In a bid to increase its gold production and exploration prospects, Crown Resources (VSE) has taken a 30-day option to purchase a number of assets from Nevada Goldfields (TSE). The assets, all in Nevada, include the Kingston mine and mill, the Manhattan mine, and two exploration properties.
If exercised, Crown would pay US$1.5 million cash plus 100,000 of its common shares to Nevada Goldfields’ secured lenders and assume a US$1.5-million note carrying a rate of prime plus 1%.
In addition, the secured lenders would retain a 50% net profits interest in the Keystone pit mining operation (Manhattan mine) to Dec. 31, or to a maximum payout of US$1 million, whichever comes first. In return for the payments to lenders, about US$7 million in bank debt will be cancelled from Nevada Goldfields’ balance sheet.
Crown would also invest US$1 million in Nevada Goldfields through a private placement of 1,153,500 shares plus 500,000 warrants to purchase stock at US$1 per share.

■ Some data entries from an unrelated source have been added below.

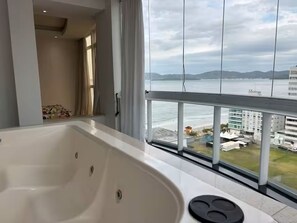 Interior - Duplex Penthouse with Hot Tub, BBQ and 4 Suites (Itapema)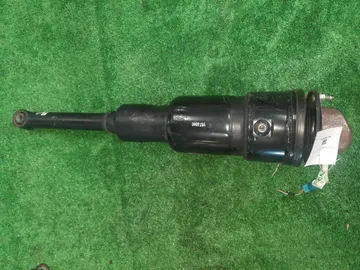 СТОЙКА НА LEXUS LS460 USF40 1UR-FSE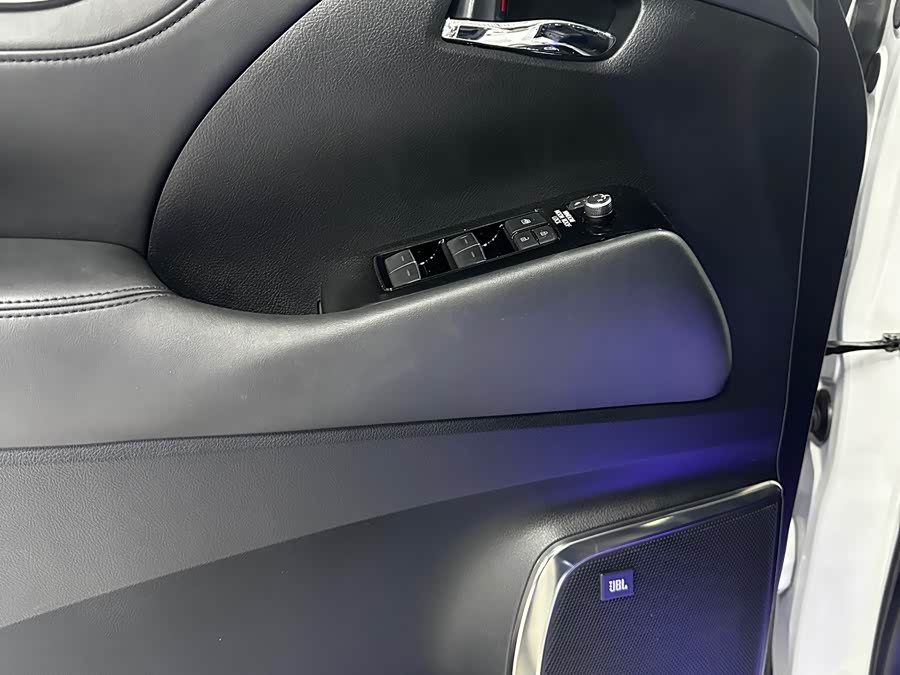 丰田 威尔法 2022 汽车图片 #9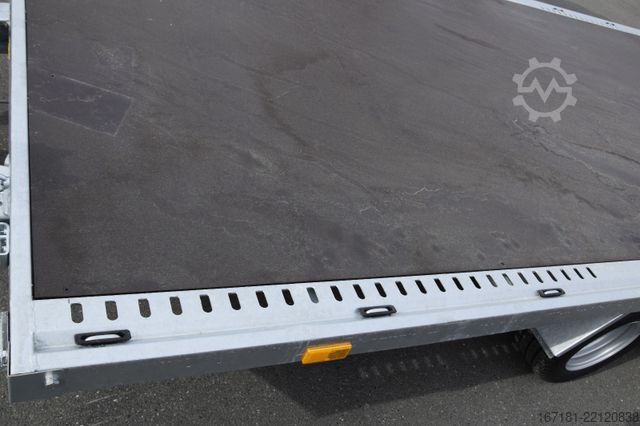 Car carrier trailer HUMBAUR Universal 3000 - Holzboden und Rampen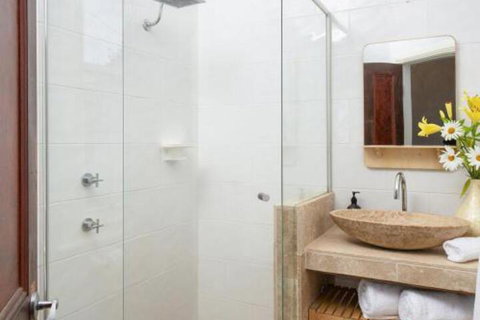 Ocean Mist Cottage Across From Pet Friendly Beach - Tourism Canberra 3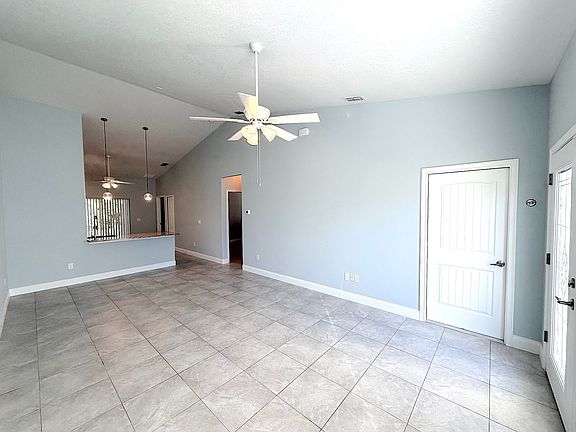 5th image of 36 Raintree Pl Unit B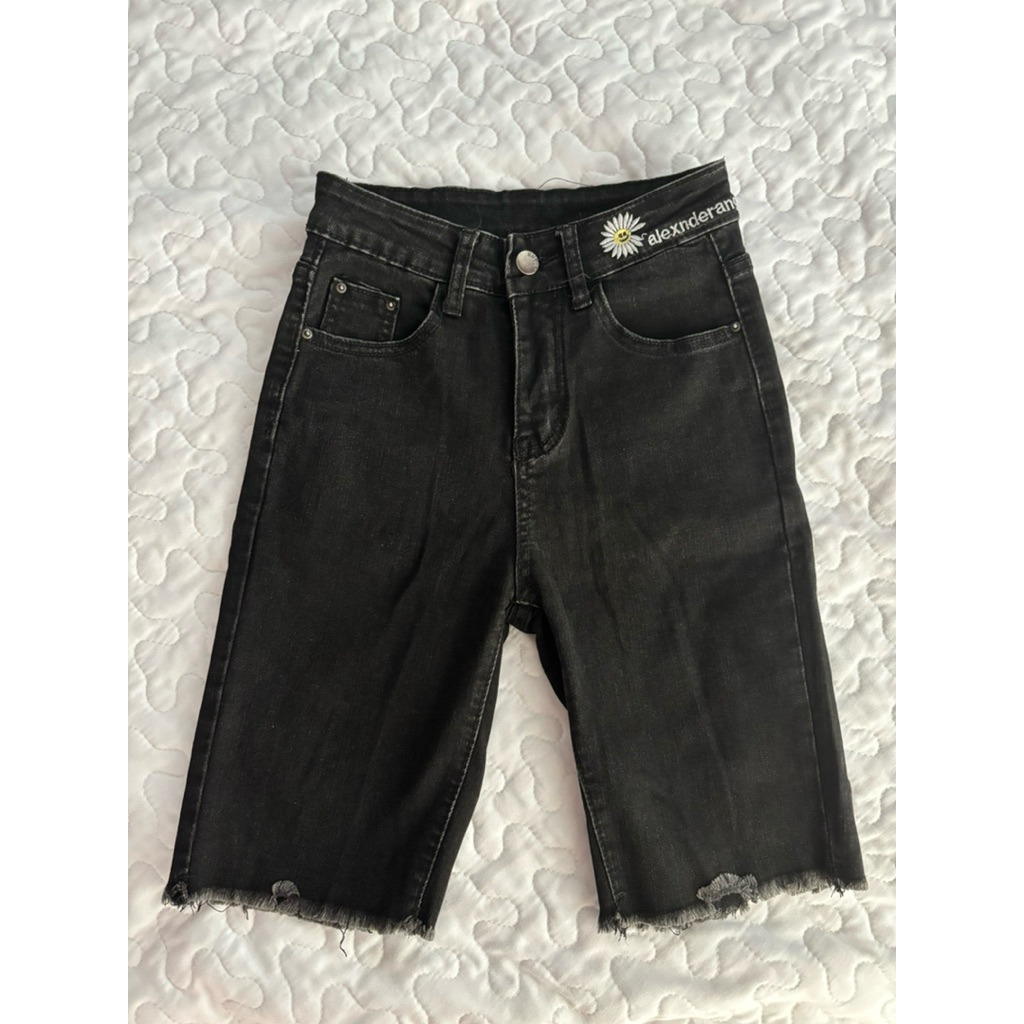 Biker denim pants กางเกงขาสั้นทรงไบเกอร์ มือสอง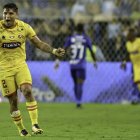 El zaguero Mario Pineida ocuparía el espacio que deja Pedro Pablo Velasco.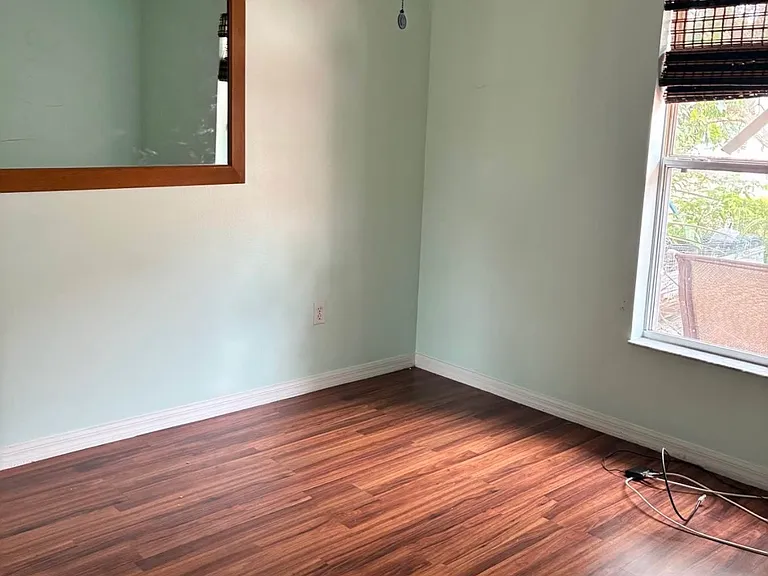 2418 SW Bayshore Blvd — Photo 8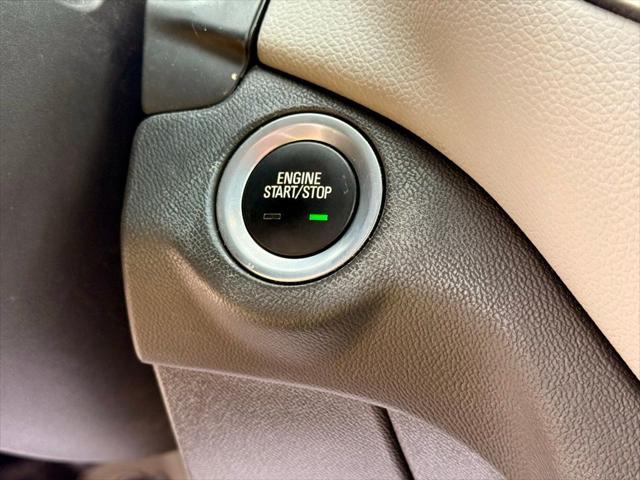 Photo of 2023 Summit White Chevrolet Equinox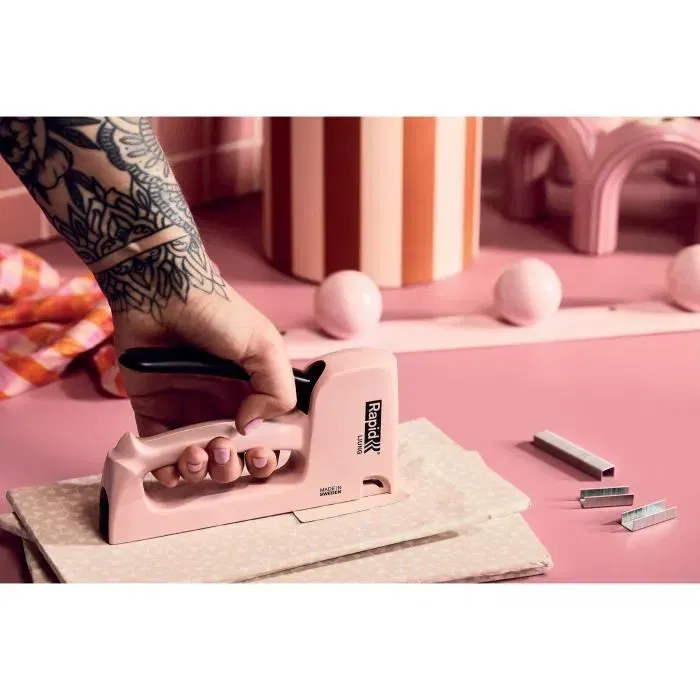 Rapid R53 Agrafeuse murale manuelle éco-responsable en plastique recyclé 90% - Fabrication suédoise - Pour agrafes 4-10 mm - Idéale bricolage, rembourrage et décoration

Nevada Goldfields closed the Kingston underground mine in August, 1989, in an effort to conserve cash flow when the company encountered lower than forecast grades and increased waste mining. The Kingston complex includes a 700-ton-per-day carbon- in-leach mill and all associated underground mining equipment. Nevada Goldfields estimates proven-probable reserves at 110,000 tons grading 0.16 oz. gold per ton, plus an undiluted resource of 500,000 tons grading 0.18 oz.
The proximity of Crown’s Klondike property to the Kingston is certainly a factor influencing the deal. The Klondike property lies immediately adjacent to the Kingston mine along the same geologic structure. Crown estimates a mineral resource of about 400,000 tons grading 0.25 oz. gold.
The Manhattan property is currently being developed as a small open pit operation with the mining contracted out. Preliminary estimate of undiluted reserves is at 86,000 tons grading 0.21 oz. gold, most of which is included in the planned open pit. If an agreement is finalized, Nevada Goldfields would continue to manage the property for a fee.
The option agreement also includes two early-stage exploration properties, the 100-acre Birch Creek property and the 600-acre Smoky Valley prospect. Both of the properties have anomalous to ore-grade surface rock samples and lie within 15 road-miles of the Kingston mill.
Crown plans to conduct, along with independent consultants, a detailed due diligence review of the transaction over the next 30 days. Crown spokesman Allan Marter noted that the company’s primary interest is in the Kingston mill and its proximity to a number of excellent exploration targets.
If the deal goes through, Nevada Goldfields’ balance sheet will take a turn for the better. With US$7 million in bank debt eliminated and the infusion of US$1 million from the private placement, the company will go from having a large working capital deficit to a plus US$1.5- million position, according to President Alan Bell.
The company’s long-term debt remains relatively large. However, with deferred revenue of over US$4 million and US$9.9 million in 10% convertible debentures.
Nevada Goldfields will be left with its Aurora mine, near Hawthorne, Nev., which is expected to produce an average of 1,300 oz. of gold per month at an average cash cost of about US$200 per oz.
Bell said he did not see a problem with meeting the company’s debt obligations and noted that a 30% expansion in production was possible by increasing the mine’s crushing capacity at a cost of about US$300,000. Current reserves are good for about four years, but more would have to be found before a production increase would be implemented.
Bell would like to spend up to US$700,000 on exploration on the property this season to locate more reserves. He is confident one or more of 12 targets on the property will yield further reserves.
In addition, the company will retain its interest in the Empire project, 40 miles west of Denver, Colo., which is being explored by Noranda Exploration.